[Records for the task]
↓
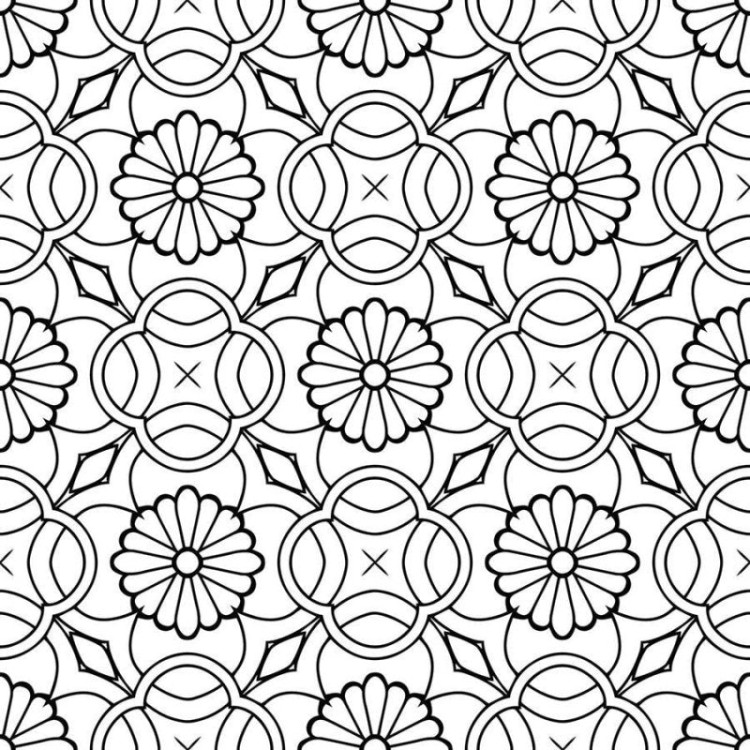 Papel de Parede Adesivo Padrão Geométrico...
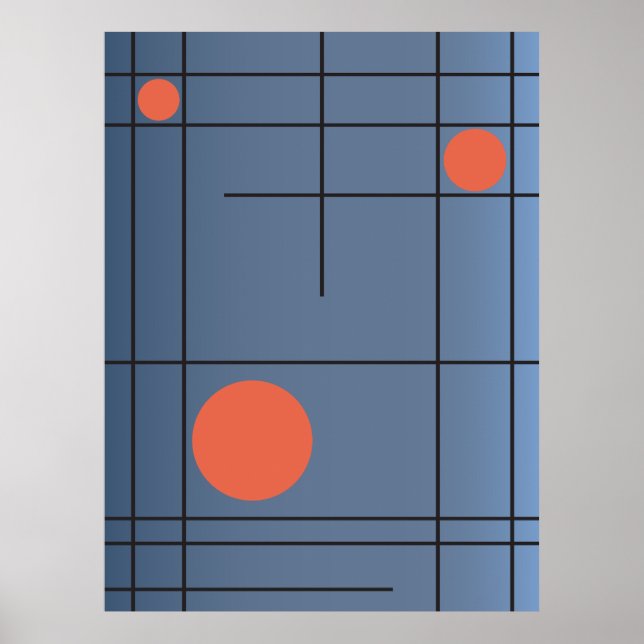 Slate Drift No. 1 — Modern Geometric Wall Art Post (Front)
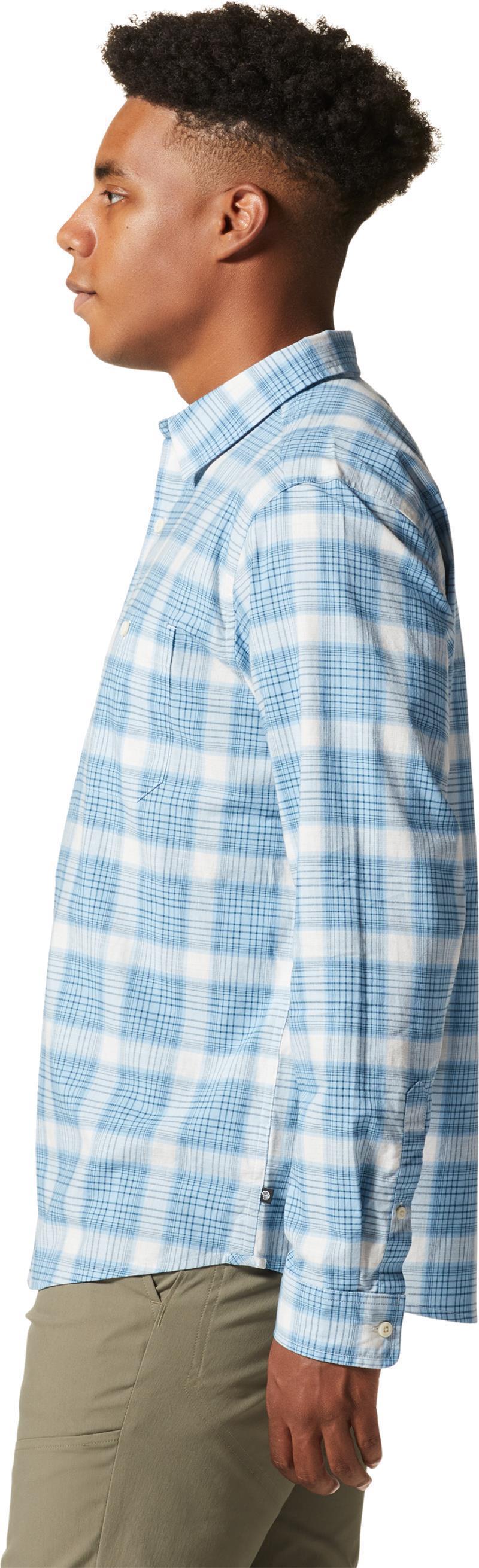 Big Cottonwood LS Shirt - Mens - Blue Chambray Moon Roof Plaid 2
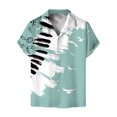 thumbnail image 1 of Men's Button Shirt 2024 Summer Fashion Casual Personality Musical Instrument Digital Short Sleeve-SinKeeU, 1 of 4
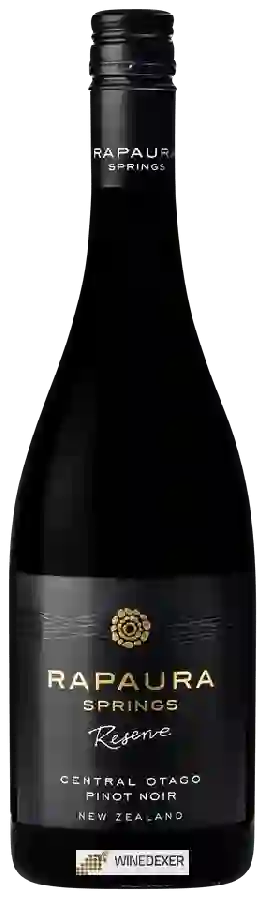 Weingut Rapaura Springs - Reserve Central Otago Pinot Noir Weingut Rapaura Springs - Reserve Central Otago Pinot Noir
↑
[Your goal]
Take the line containing "thumbnail image 1" as the first line and the last line of the data above as the final one, and output exactly the lines between them, inclusive, with no pictures.

[Solved exercise]
 thumbnail image 1 of Men's Button Shirt 2024 Summer Fashion Casual Personality Musical Instrument Digital Short Sleeve-SinKeeU, 1 of 4
 Weingut Rapaura Springs - Reserve Central Otago Pinot Noir Weingut Rapaura Springs - Reserve Central Otago Pinot Noir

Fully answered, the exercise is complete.